You can extend and parameterize :ref:`builtin-analyzer` like this::

    cr> create ANALYZER "german_snowball" extends snowball WITH (
    ...   language='german'
    ... );
    CREATE OK (... sec)

If you extend :ref:`builtin-analyzer`, tokenizer, char-filter or
token-filter cannot be defined.  In this case use the parameters
available for the extended :ref:`builtin-analyzer`.

If you extend custom-analyzers, every part of the analyzer that is
ommitted will be taken from the extended one.  Example::

    cr> create ANALYZER e2 EXTENDS myanalyzer (
    ...     TOKENIZER mypattern WITH (
    ...       type='pattern',
    ...       pattern='.*'
    ...     )
    ... );
    CREATE OK (... sec)

This analyzer will use the char-filters and token-filters from
``myanalyzer`` and will override the tokenizer with ``mypattern``.

Analyzer Reference
------------------

.. toctree::
  :maxdepth: 2

  analyzer


.. _sql_ddl_system_columns:

System Columns
==============

On every table Crate implements several implicitly defined system columns. Their names are
reserved and cannot be used as user-defined column names.
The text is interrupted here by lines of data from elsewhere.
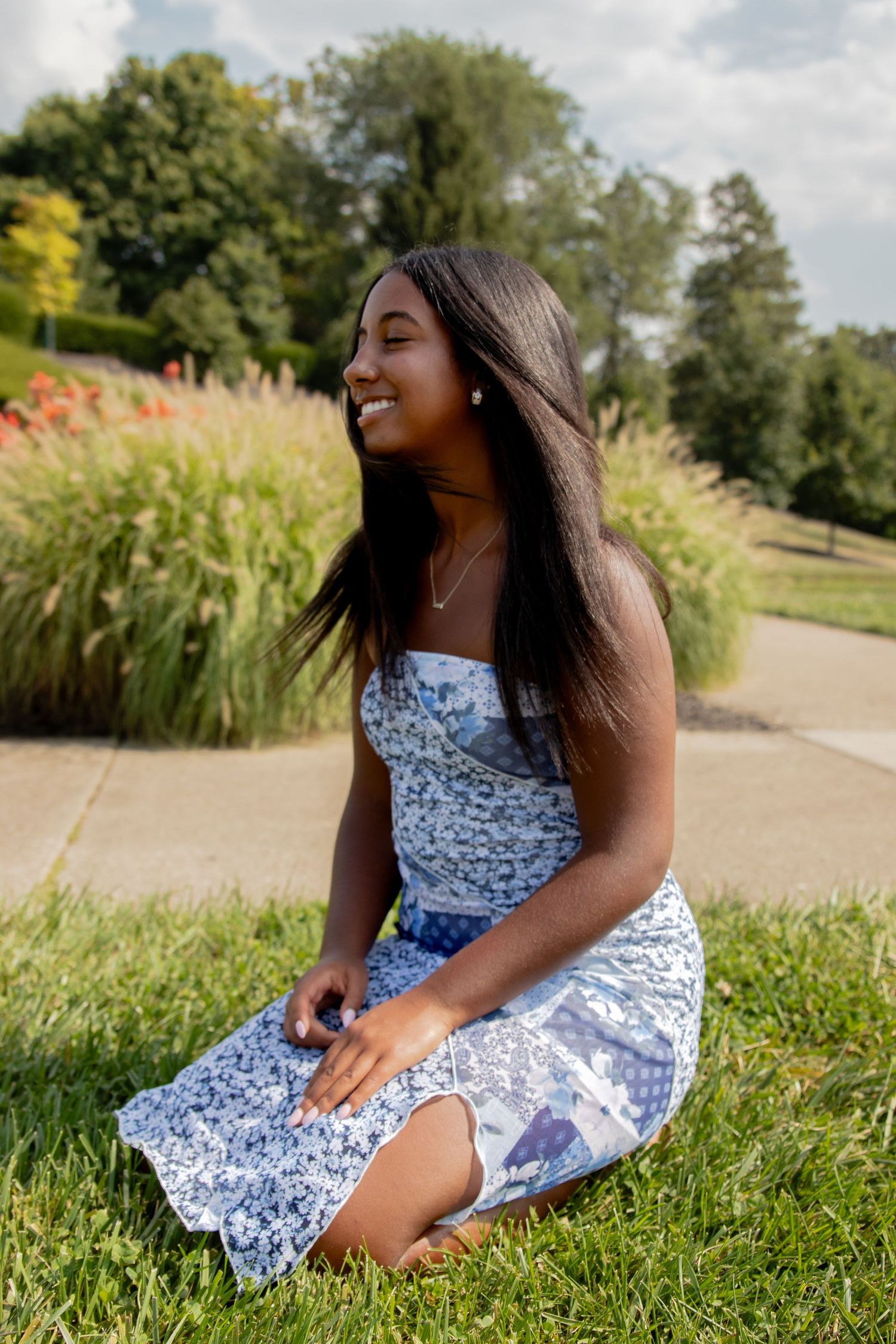 Senior in floral dress sits gracefully on grass during a sunny outdoor photoshoot.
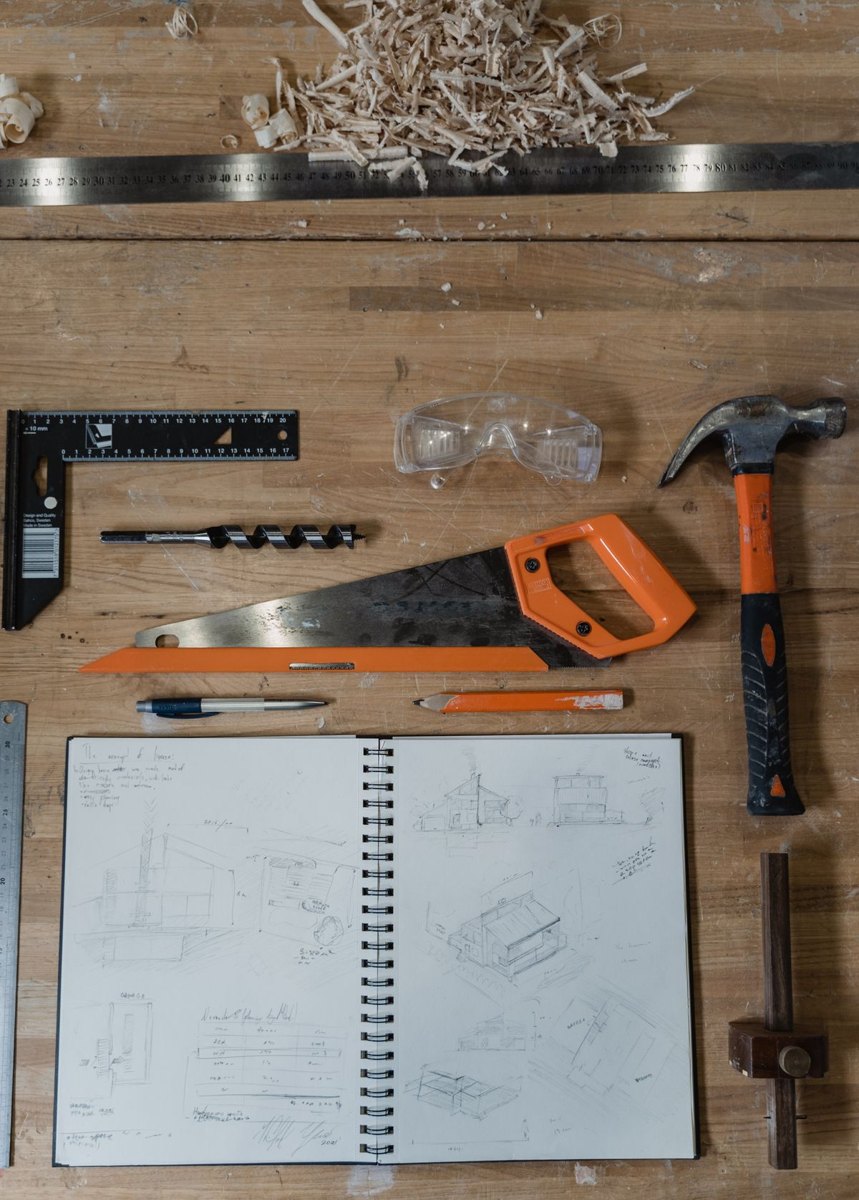 Notebook and hand tools on a workbench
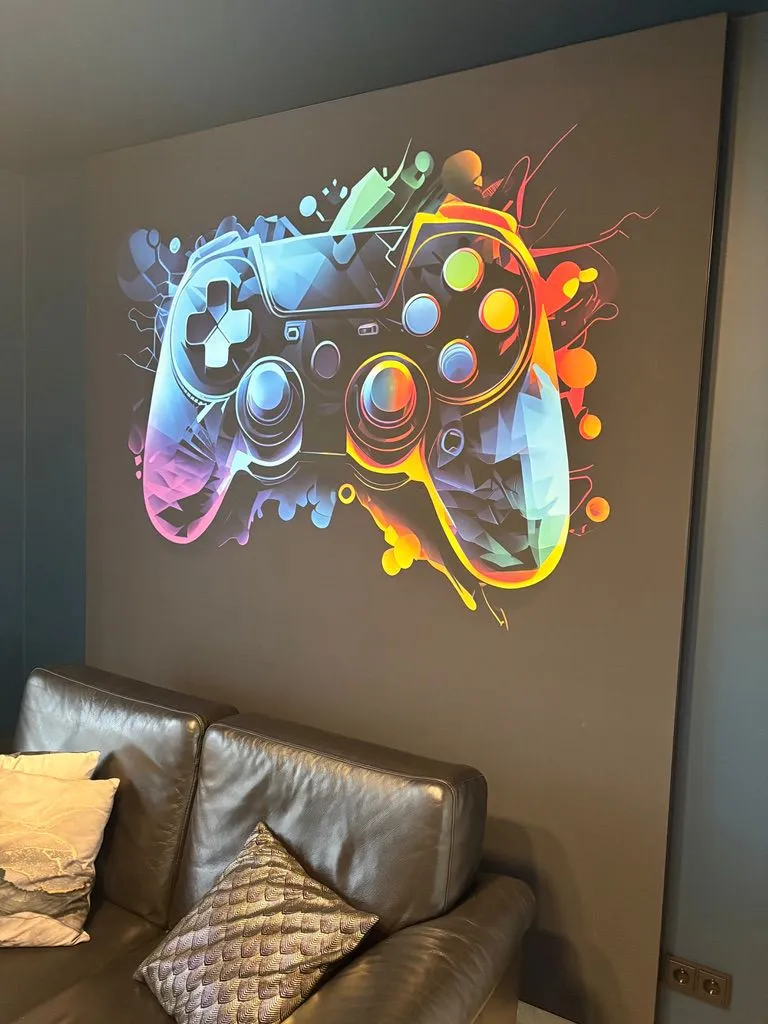 Akoestisch wandframe met een full colour doek van een gamecontroller boven een leren bank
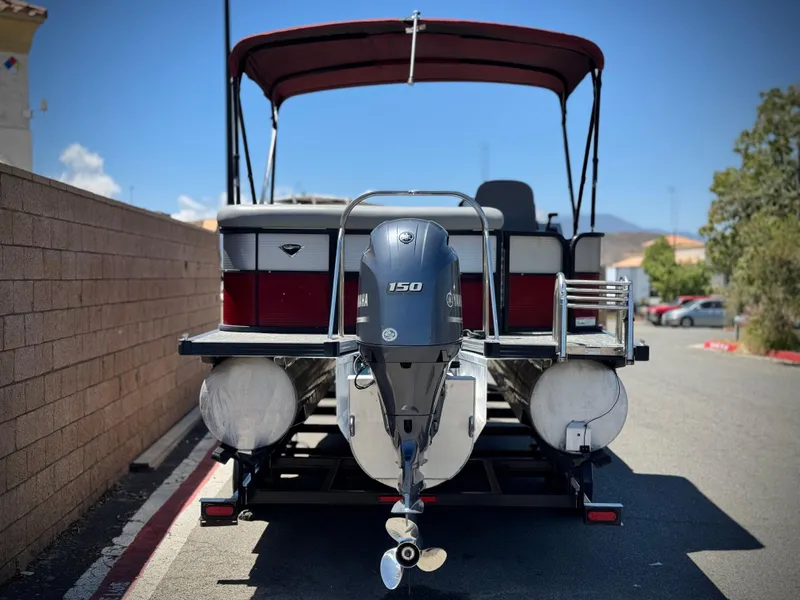 Slide: The Image of 2019 Manitou 23 Oasis pontoon boat with 150 HP engine, parked on a sunny day. - 5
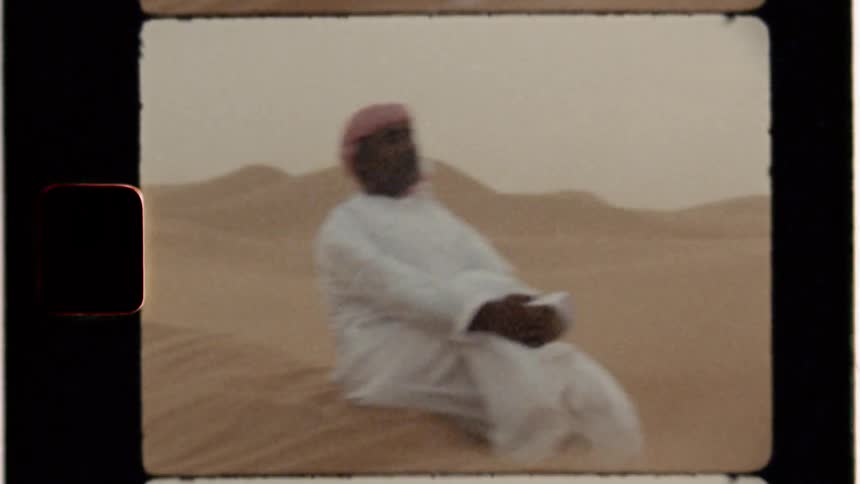 Man sits in a sandy desert on a windy day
All system columns are prefixed with
an underscore.

.. _sql_ddl_system_column_version:

_version
  Crate uses an internal versioning for every row, the version number is increased on every write.
  This column can be used for `Optimistic Concurrency Control`_, see :ref:`sql_occ` for usage
  details.

.. _sql_ddl_system_column_score:

_score
  This internal system column is available on all documents retrieved by a ``SELECT`` query.
  It is representing the scoring ratio of the document related to the used query filter and
  makes most sense on fulltext searches.
  The scoring ratio is always related to the highest score determined by a search,
  thus scores are not directly comparable across searches.
  If the query does not include a fulltext search the value is 1.0f in most cases.


.. _Java types: http://docs.oracle.com/javase/tutorial/java/nutsandbolts/datatypes.html
.. _dateOptionalTime: http://joda-time.sourceforge.net/apidocs/org/joda/time/format/ISODateTimeFormat.html#dateOptionalTimeParser()
.. _Optimistic Concurrency Control: http://en.wikipedia.org/wiki/Optimistic_concurrency_control


Alter table
===========

The properties of a table can be modified using the `ALTER TABLE` clause::

    cr> alter table my_table1 set (number_of_replicas='0-all');
    ALTER OK (... sec)

In order to set a property to its default value use `reset`::

    cr> alter table my_table1 reset (number_of_replicas);
    ALTER OK (... sec)

.. note::

    Any other table modifications are currently not possible.